--- Task item ---
Copy out every line from the records that includes "Premium".

--- Dataset extract ---
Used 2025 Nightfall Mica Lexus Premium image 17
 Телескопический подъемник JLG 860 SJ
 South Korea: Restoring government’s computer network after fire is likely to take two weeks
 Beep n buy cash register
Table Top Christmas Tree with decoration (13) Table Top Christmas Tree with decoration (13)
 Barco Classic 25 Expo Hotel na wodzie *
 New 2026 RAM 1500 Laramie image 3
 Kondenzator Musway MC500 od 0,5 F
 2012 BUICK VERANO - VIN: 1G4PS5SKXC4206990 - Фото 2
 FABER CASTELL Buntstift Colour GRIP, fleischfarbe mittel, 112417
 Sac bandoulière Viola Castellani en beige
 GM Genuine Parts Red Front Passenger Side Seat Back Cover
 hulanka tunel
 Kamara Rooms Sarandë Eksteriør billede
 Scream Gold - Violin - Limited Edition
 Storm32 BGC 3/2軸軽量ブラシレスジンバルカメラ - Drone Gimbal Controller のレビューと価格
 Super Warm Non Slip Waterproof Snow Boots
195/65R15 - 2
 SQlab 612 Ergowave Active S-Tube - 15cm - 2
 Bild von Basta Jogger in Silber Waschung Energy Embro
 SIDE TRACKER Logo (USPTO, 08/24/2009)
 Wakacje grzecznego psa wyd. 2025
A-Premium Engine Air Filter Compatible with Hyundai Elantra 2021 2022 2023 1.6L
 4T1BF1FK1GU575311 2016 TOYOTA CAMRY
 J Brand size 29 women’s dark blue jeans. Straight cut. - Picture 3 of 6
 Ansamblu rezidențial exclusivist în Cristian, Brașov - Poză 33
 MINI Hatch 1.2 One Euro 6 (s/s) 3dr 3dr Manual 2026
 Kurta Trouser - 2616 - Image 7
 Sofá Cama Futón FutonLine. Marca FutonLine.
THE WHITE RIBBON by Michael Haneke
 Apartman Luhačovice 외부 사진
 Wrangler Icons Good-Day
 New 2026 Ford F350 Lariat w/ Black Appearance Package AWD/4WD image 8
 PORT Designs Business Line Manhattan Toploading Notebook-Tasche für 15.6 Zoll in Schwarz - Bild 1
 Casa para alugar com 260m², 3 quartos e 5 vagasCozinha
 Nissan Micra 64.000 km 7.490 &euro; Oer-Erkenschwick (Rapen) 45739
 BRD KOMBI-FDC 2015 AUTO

--- Solution ---
Used 2025 Nightfall Mica Lexus Premium image 17
A-Premium Engine Air Filter Compatible with Hyundai Elantra 2021 2022 2023 1.6L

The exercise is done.